01 jun 2012 No parlem de la crisi
Son las diez de la noche y me encuentro con un amigo que vuelve de trabajar en el tren. Lo primero que me dice es: «No hablemos de la crisis, por favor». Y añade: «Antes, por la mañana, escuchaba las noticias de la radio; desde hace unas semanas, pongo música o nada, sólo el silencio; ¿sabes que el silencio es cojonudo?». Mi amigo tiene un trabajo que le obliga a estar al día y siempre se ha comportado como un consumidor voraz de información. Hoy, su reacción es idéntica a la de muchas otras personas con las que he hablado últimamente: parece que están mucho más hartas de las nuevas alarmantes sobre la crisis que de la propia crisis y, para sobrevivir, han decidido aplicarse una especie de dieta mediática. Como periodista, el fenómeno me preocupa. Como ciudadano, entiendo perfectamente que vivir pendientes de la temida intervención acaba saturando. «Lo que tenga que ser -proclama mi amigo mientras se desfibra- será, y ya lo viviremos; mientras, necesito respirar».

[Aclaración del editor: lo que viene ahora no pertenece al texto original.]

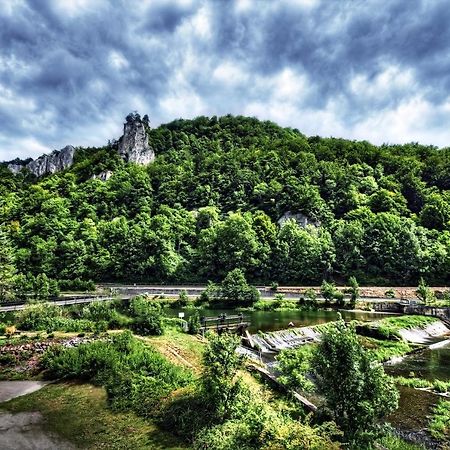Hotel-Gasthof Neumuehle Kreenheinstetten エクステリア 写真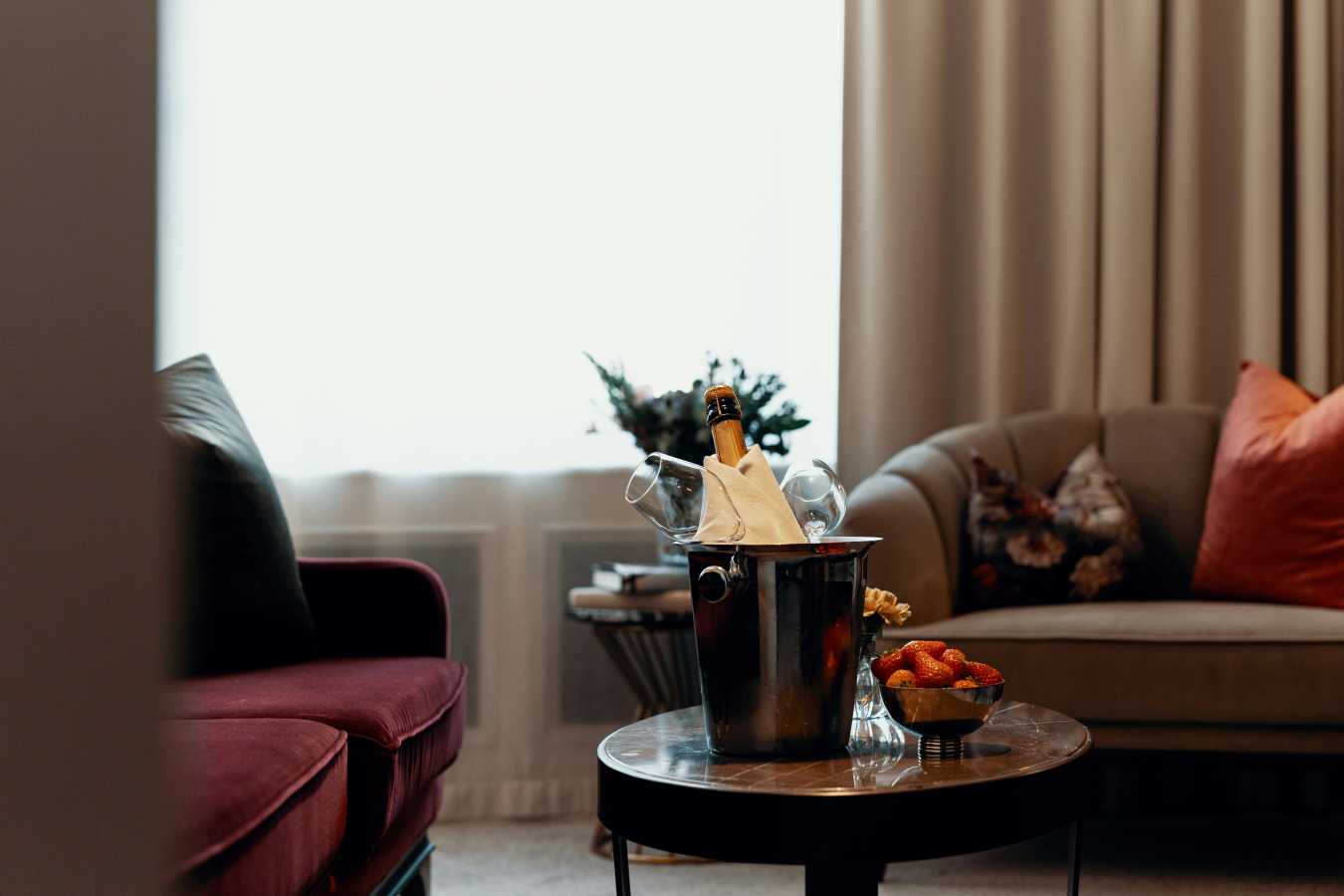 Bank Hotel- 16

Seamos sinceros: el relato de la crisis, día a día, hora a hora, nos está desmoralizando más que los datos concretos del drama. ¿Por qué? Por dos motivos: porque los datos varían a gran velocidad y tienden a mostrarnos un escenario mucho peor de lo previsto; y porque esta es una historia que no sabemos cómo seguirá ni cuándo acabará. Eso aumenta los temores y la sensación de descontrol sobre nuestras vidas. Otro amigo que es autónomo y hace lo imposible por salir adelante resume su estado con una frase chocante: «Estoy cansado». Su confesión me deja pintiparado porque él es la encarnación del optimismo y de las ganas de hacer cosas. «Hay días -explica cabizbajo- que no puedo dormir porque empiezo a pensar en lo que me deben, y en cómo ha bajado el trabajo y en cómo serán los meses próximos, y me dan las seis de la mañana».

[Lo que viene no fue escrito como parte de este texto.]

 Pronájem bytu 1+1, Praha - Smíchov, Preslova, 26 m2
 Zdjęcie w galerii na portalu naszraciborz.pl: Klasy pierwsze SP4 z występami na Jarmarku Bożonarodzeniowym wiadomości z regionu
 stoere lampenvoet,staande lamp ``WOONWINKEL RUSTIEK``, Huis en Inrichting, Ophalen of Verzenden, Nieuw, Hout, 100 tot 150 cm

La realidad se está poniendo tan intratable que las noticias aburren aunque, a la vez, indignan. Entonces, el personal hace lo que siempre ha hecho el ser humano cuando pintan bastos: evadirse un rato, si es que puede. Por eso verán que aún hay gente en las terrazas de los bares (piden menos que antes, según el camarero) y en las fiestas mayores (sobre todo en los actos gratis). Y gente que todavía lee novelas, mira películas, acude al teatro, escucha música y se apunta a cursillos (los que aún no han sido suprimidos) en locales municipales y asociaciones, de cocina, bailes de salón, yoga o fotografía. Para soportar el panorama hay que hacer paréntesis, para limpiar la cabeza de malos pensamientos y poder volver, después, a la selva del malestar y del pasmo. Es imprescindible distraerse, para decirlo como las abuelas.
¿Cómo recordaremos esta crisis? ¿Cómo la explicaremos a los hijos y a los nietos? Tendremos que contar también que, algunos días, aparentábamos que no pasaba nada y tratábamos de reír.